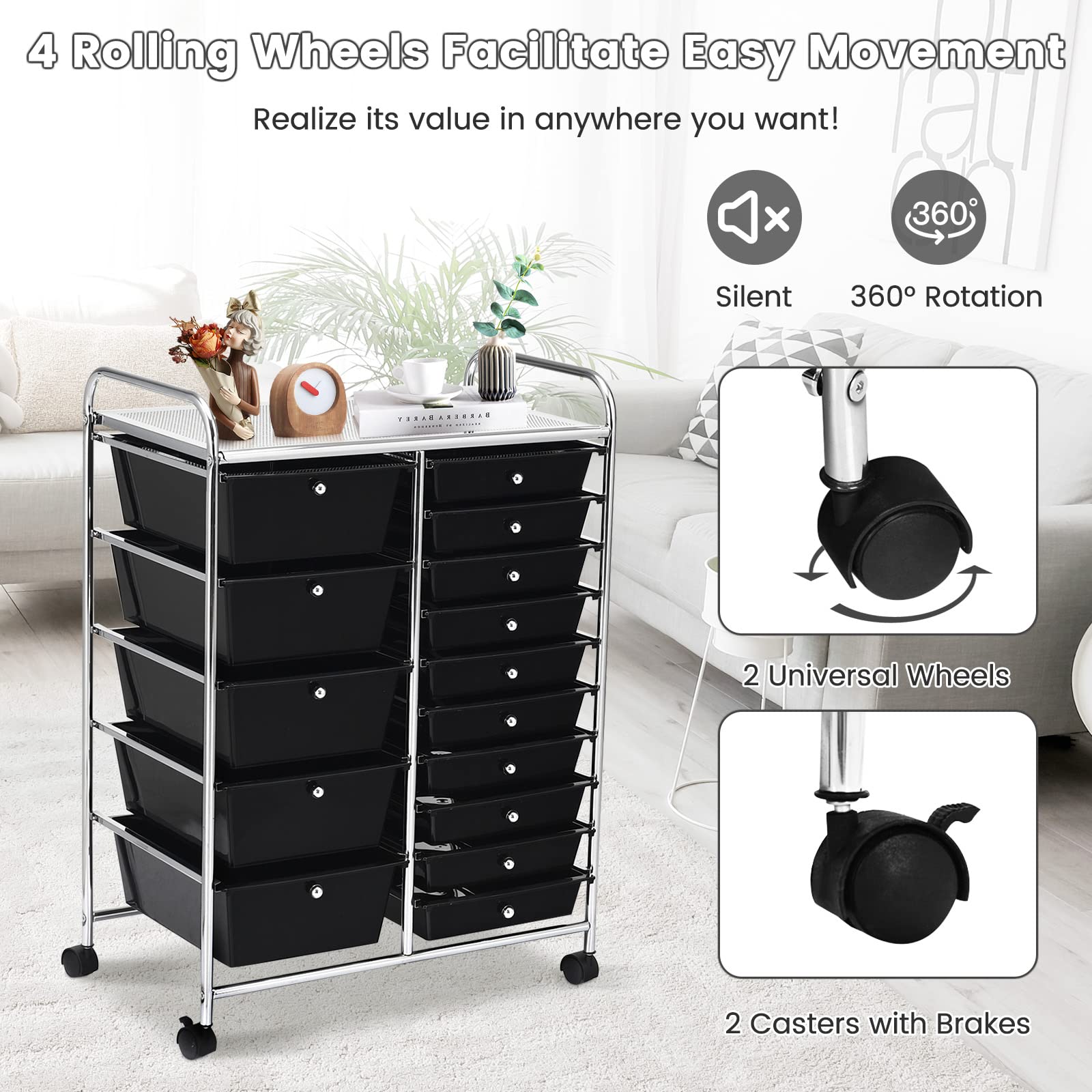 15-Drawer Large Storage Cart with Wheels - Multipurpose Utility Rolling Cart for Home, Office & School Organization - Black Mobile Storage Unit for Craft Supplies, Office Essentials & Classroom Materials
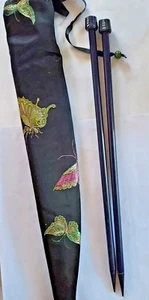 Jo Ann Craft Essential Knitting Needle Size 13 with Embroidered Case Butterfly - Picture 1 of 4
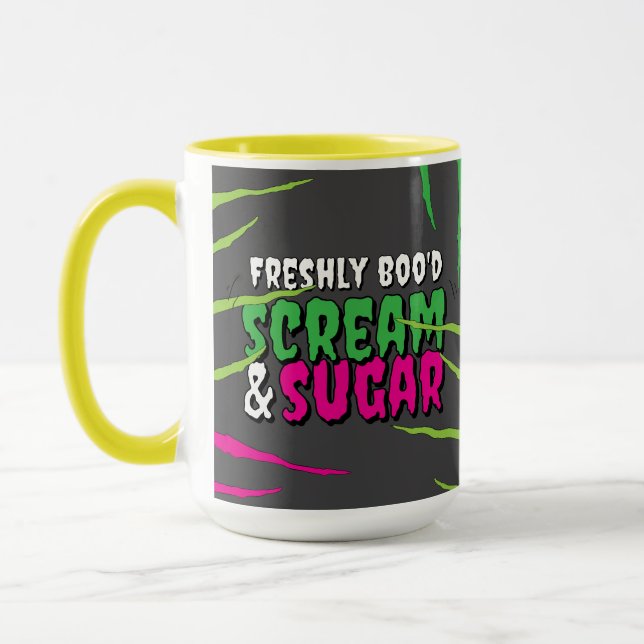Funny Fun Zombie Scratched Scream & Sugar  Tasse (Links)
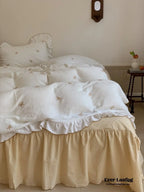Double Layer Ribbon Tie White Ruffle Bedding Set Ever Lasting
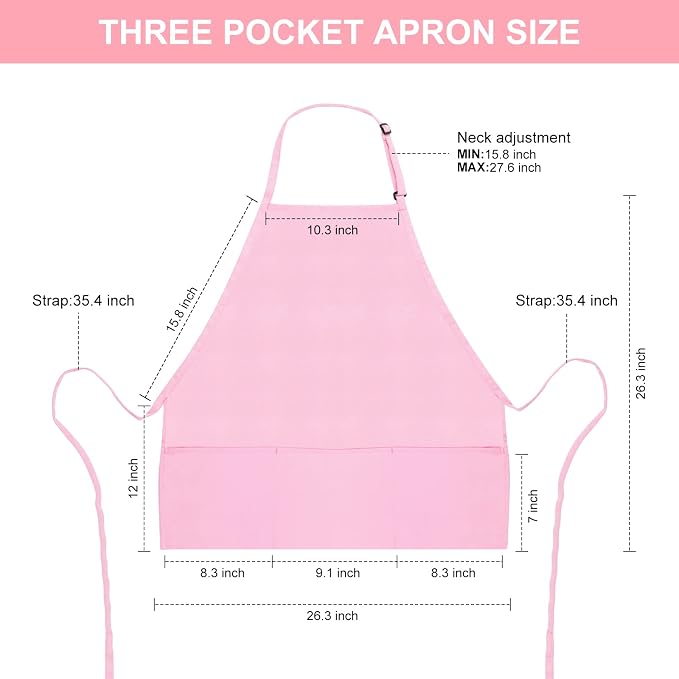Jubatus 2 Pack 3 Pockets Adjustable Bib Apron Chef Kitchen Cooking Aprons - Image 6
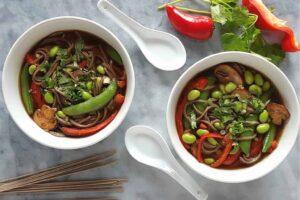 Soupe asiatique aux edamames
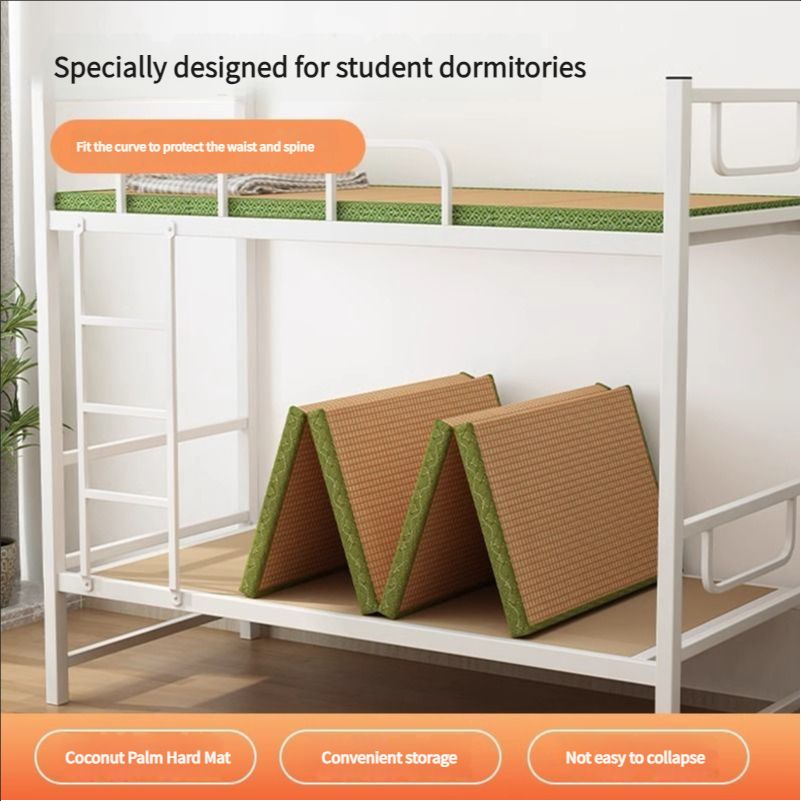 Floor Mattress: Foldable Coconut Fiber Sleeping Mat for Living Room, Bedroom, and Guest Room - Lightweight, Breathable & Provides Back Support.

────────

> [Exercise] Pictures stay out; print everything else in the data exactly.

> [Worked solution]
 15-Drawer Large Storage Cart with Wheels - Multipurpose Utility Rolling Cart for Home, Office & School Organization - Black Mobile Storage Unit for Craft Supplies, Office Essentials & Classroom Materials
 Jo Ann Craft Essential Knitting Needle Size 13 with Embroidered Case Butterfly - Picture 1 of 4
Funny Fun Zombie Scratched Scream & Sugar  Tasse (Links)
Double Layer Ribbon Tie White Ruffle Bedding Set Ever Lasting
Jubatus 2 Pack 3 Pockets Adjustable Bib Apron Chef Kitchen Cooking Aprons - Image 6
 Soupe asiatique aux edamames
 Floor Mattress: Foldable Coconut Fiber Sleeping Mat for Living Room, Bedroom, and Guest Room - Lightweight, Breathable & Provides Back Support.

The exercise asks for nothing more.